Dunno why people are thinking Aya does not realize what her feelings for Mitsuki are, the "Can I think Koga-san likes me? No, no way, way, no way, but still" on page 4 pretty unambiguously conveys she's thrilled at the idea of Mitsuki liking her romantically and is trying not to get her hopes up while still being very excited at the thought regardless. Aya knows what she's feeling and what she wants, lol. She'd kinda given up on Mitsuki liking her back after the big romantic rock performance that climaxed with "will you be my friend" but now she's over the moon at the thought that things might move in that direction instead of continuing platonically.
If anyone doesn't fully realize what she's feeling yet, it's Mitsuki. But we're getting some major hints of evolution from her now :3

People have just had bad experiences with manga in the past. What seems obviously the case has sometimes not mattered, so some probably want really explicit confirmation before getting their hopes up.

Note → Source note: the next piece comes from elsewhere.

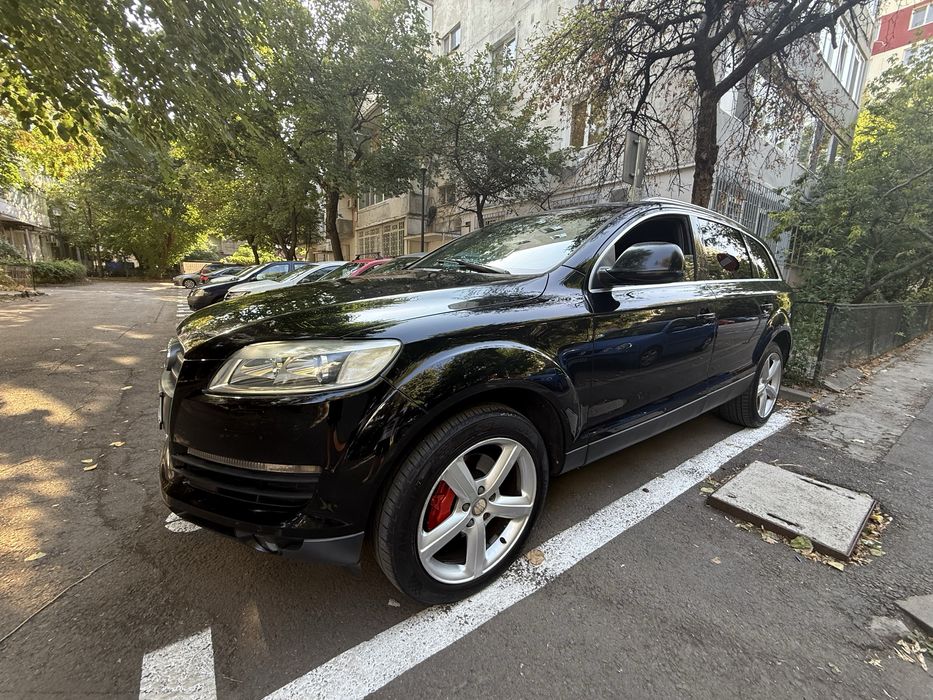 Audi Q7 3.0TDI V6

I would say that in my case at least it’s far less about the fear of yuri-baiting than it is the fact that this series requires a lot of inferences about exactly what the characters are feeling at any given time and what they understand about their own feelings and the feelings of others—the whole series is based on a pretty big (and fairly extended) misunderstanding, after all.

Not to mention that Koga is so dense that even if Aya took out a billboard that said, “I, Aya, have romantic feelings toward Mitsuki. Also, FYI, two girls can have sex, and I want to have it with her,” Mitsuki would find a way to think it meant something else.